Maynard v. Commonwealth

497 S.W.2d 567, 1973 Ky. LEXIS 357
CourtCourt of Appeals of Kentucky (pre-1976)
DecidedJune 29, 1973
StatusPublished
Cited by9 cases

This text of 497 S.W.2d 567 (Maynard v. Commonwealth) is published on Counsel Stack Legal Research, covering Court of Appeals of Kentucky (pre-1976) primary law. Counsel Stack provides free access to over 12 million legal documents including statutes, case law, regulations, and constitutions.

Bluebook
Maynard v. Commonwealth, 497 S.W.2d 567, 1973 Ky. LEXIS 357 (Ky. 1973).

Opinion

VANCE, Commissioner.

Appellant was convicted of rape and murder of a University of Louisville co-ed and was sentenced to life imprisonment upon each charge, the sentences to run consecutively.

Appellant advances seven assignments of error, only one of which we will review at this time because the record before us is not adequate for a complete disposition of the appeal.

One of the witnesses for the Commonwealth was John Spellman, a detective in the Jefferson County Police Department. His testimony related to the qualification and introduction in evidence of numerous photographs and his previous experience with a police informer who was later used as a Commonwealth’s witness, which experience tended to establish the credibility of the informant. He also testified that the appellant was arrested as a result of information supplied by the informer and he gave a detailed account of the circumstances which accompanied the arrest of the appellant.

Prior to any cross-examination of this witness counsel for appellant, pursuant to RCr 7.26, moved for the production of any statement or document signed by the witness which related to the subject matter of his testimony. The officer acknowledged that he had signed a five-page written report of his investigation of the case.
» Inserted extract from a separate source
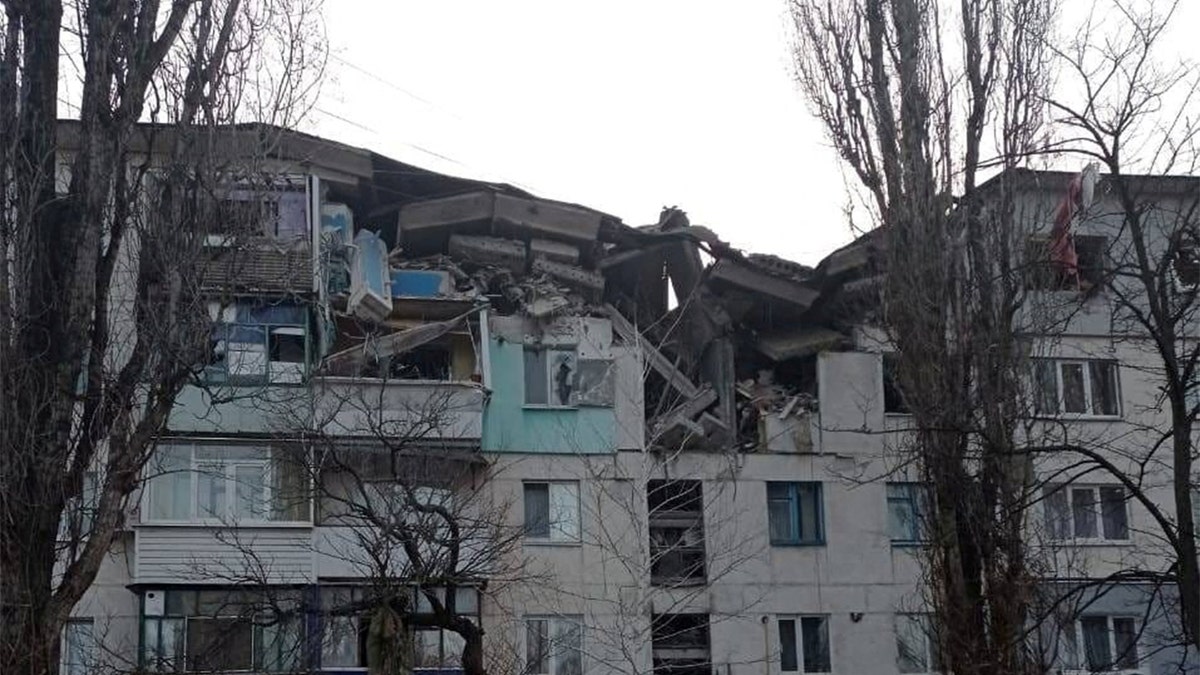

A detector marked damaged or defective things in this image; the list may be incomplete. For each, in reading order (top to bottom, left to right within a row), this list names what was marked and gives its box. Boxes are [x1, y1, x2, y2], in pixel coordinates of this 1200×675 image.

damaged residential building [65, 120, 1200, 675]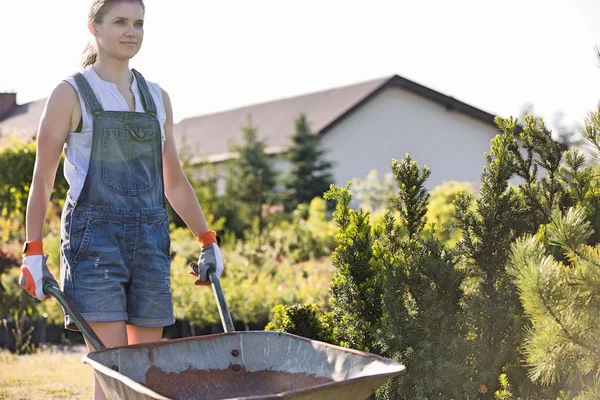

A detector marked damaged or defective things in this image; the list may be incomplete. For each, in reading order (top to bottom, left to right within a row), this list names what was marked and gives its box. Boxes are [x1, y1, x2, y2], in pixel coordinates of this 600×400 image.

rust stain [145, 366, 332, 400]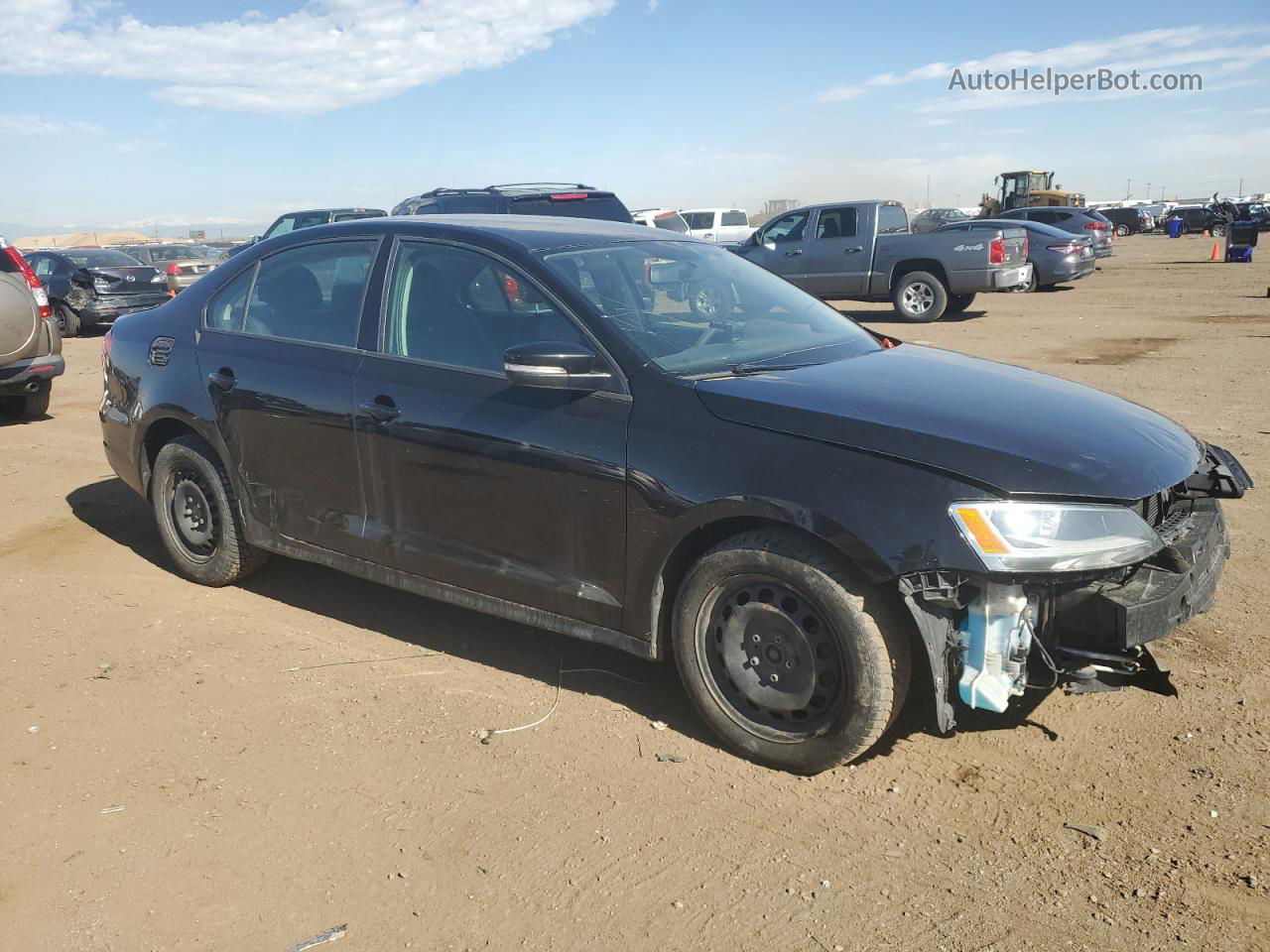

The court refused to order the production of the report and counsel for appellant proceeded to cross-examine the officer without benefit of any information that might have been disclosed in the report.

RCr 7.26 provides as follows:

“(1) After a witness called by the Commonwealth has testified on direct examination the court shall, on motion of the defendant, order the Commonwealth to produce any statement of the witness in the form of a document or recording in its possession which relates to the subject matter of the witness’ testimony and which (a) has been signed or initialled by him or (b) is or purports to be a substantially verbatim statement made by him. Such statement shall be made available for examination and use by the defendant.
“(2) If the Commonwealth claims that any statement ordered to be produced under this Rule does not relate to the subject matter of the witness’ testimony, the court shall examine the statement privately and, before making it available for examination and use by the defendant, excise the portions that do not so relate. The entire text of the statement shall be sealed and preserved in the records of the court to be made available to the appellate court in the event of an appeal by the defendant.
“(3) The Commonwealth may elect not to comply with an order of the court under this Rule, and may withhold from examination and use by the defendant any witness’ statement or portion thereof, but in such event the court, on motion of the defendant, shall strike the testimony of the witness or, if justice so requires, declare a mistrial. (Adoption of RCr 7.26 effective January 1, 1965)”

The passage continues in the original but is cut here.